The Law Society Act, however,
is not the only statute to be considered.
Under the heading of "Unauthorized Practice"
s. 1 of the Solicitors Act provides:
| 1. If a person, unless
himself a party to the proceeding, commences,
prosecutes or defends in his own name, or
that of any other person, any action or
proceeding without having been admitted
and enrolled as a solicitor, he is incapable
of recovering any fee, reward or disbursements
on account thereof, and is guilty of a contempt
of the court in which such proceeding was
commenced, carried on or defended, and is
punishable accordingly. |
I accept Mr. Kellock's
argument that the Law Society Act and the
Solicitors Act are statutes in pari materia
and that they must be read together so as
to avoid conflict between their provisions:
Capital Grocers Ltd. v. Registrar of Land
Titles, [1953] 1 D.L.R. 318, 7 W.W.R. (N.S.)

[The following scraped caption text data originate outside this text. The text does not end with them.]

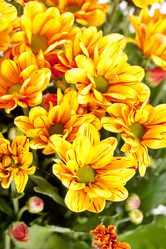 Similar image 2237242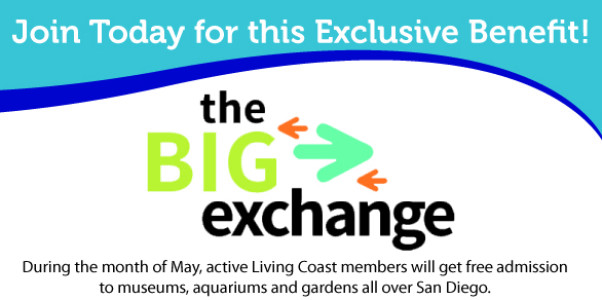 living coast membership the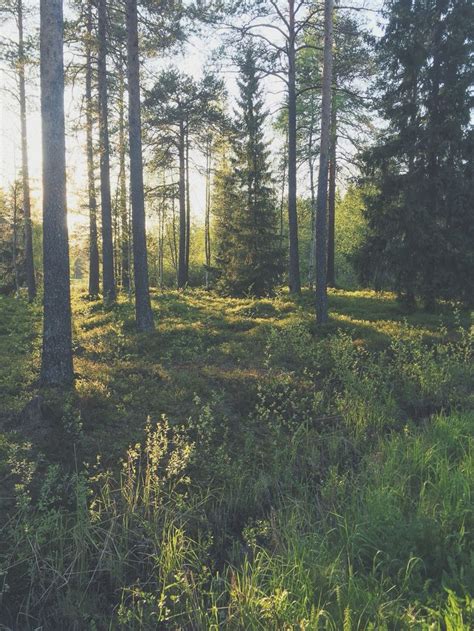 Skog I Umeå Förtrollad Skog Landskap Skog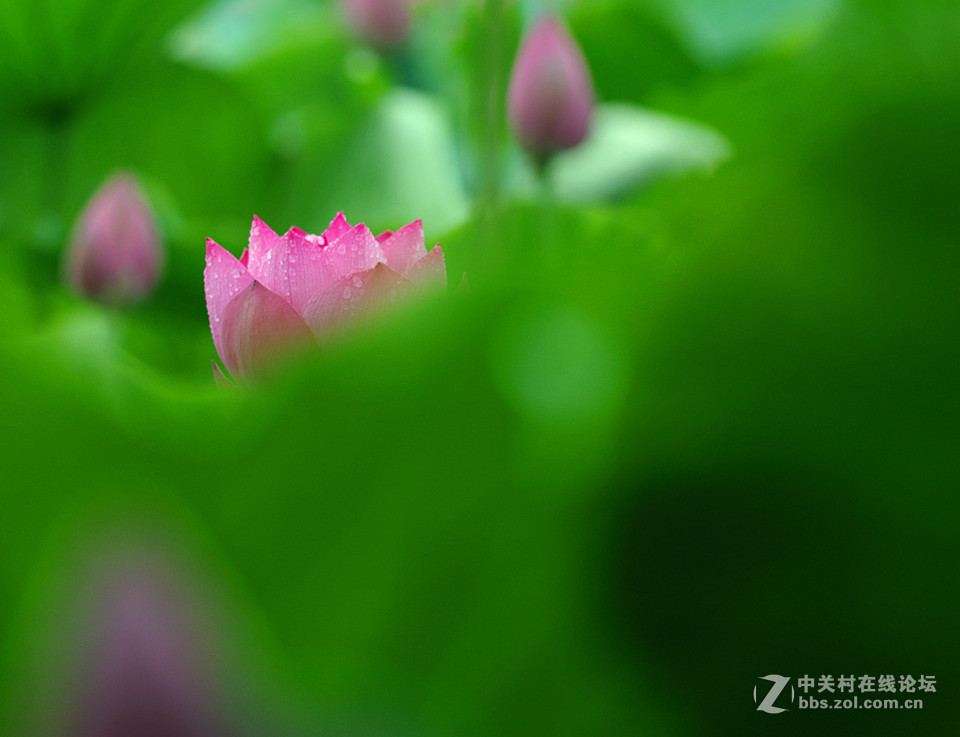 夏荷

315 (Sask. C.A.). Both s. 50 of the Law
Society Act and s. 1 of the Solicitors Act
deal with solicitors with what might appear
to be incongruous results. Section 50 of
the Law Society Act appears to permit the
respondents to act as solicitors when employed
as agents under the Provincial Offences
Act but s. 1 of the Solicitors Act appears
to prevent them from being paid for their
services. Since the respondents were charged
with acting as solicitors, the appellant's
argument was that they were in violation
of the Solicitors Act because it provided
for no exceptions and, hence, they were
not protected by the exception in s. 50
of the Law Society Act.
Two answers were given to
this argument in the courts below neither
of which, in my respectful opinion, answers
Mr. Kellock's argument. Provincial Judge
Kerr held that s. 1 of the Solicitors Act,
to the extent it affected agents, was repealed
by implication by the Provincial Offences
Act which was enacted later. This is not
a case where any reliance can be placed
on the presumption that a later statute
might revoke an earlier one because the
provisions for representation by agents
in the Provincial Offences Act continues
the similar provision in the Criminal Code
which applied to provincial offences. District
Court Judge Moore stressed that the charge
had been laid under the Law Society Act
and not the Solicitors Act but this does
not dispose of the problem created by the
necessity of reading the two Acts together.
There is no quick or easy
answer to the problems raised in this case.
The appellant's argument that s. 1 of the
Solicitors Act takes precedence is answered
by the respondents' contention that it is
subject to the exception "otherwise provided
by law" in s. 50(1) of the Law Society Act.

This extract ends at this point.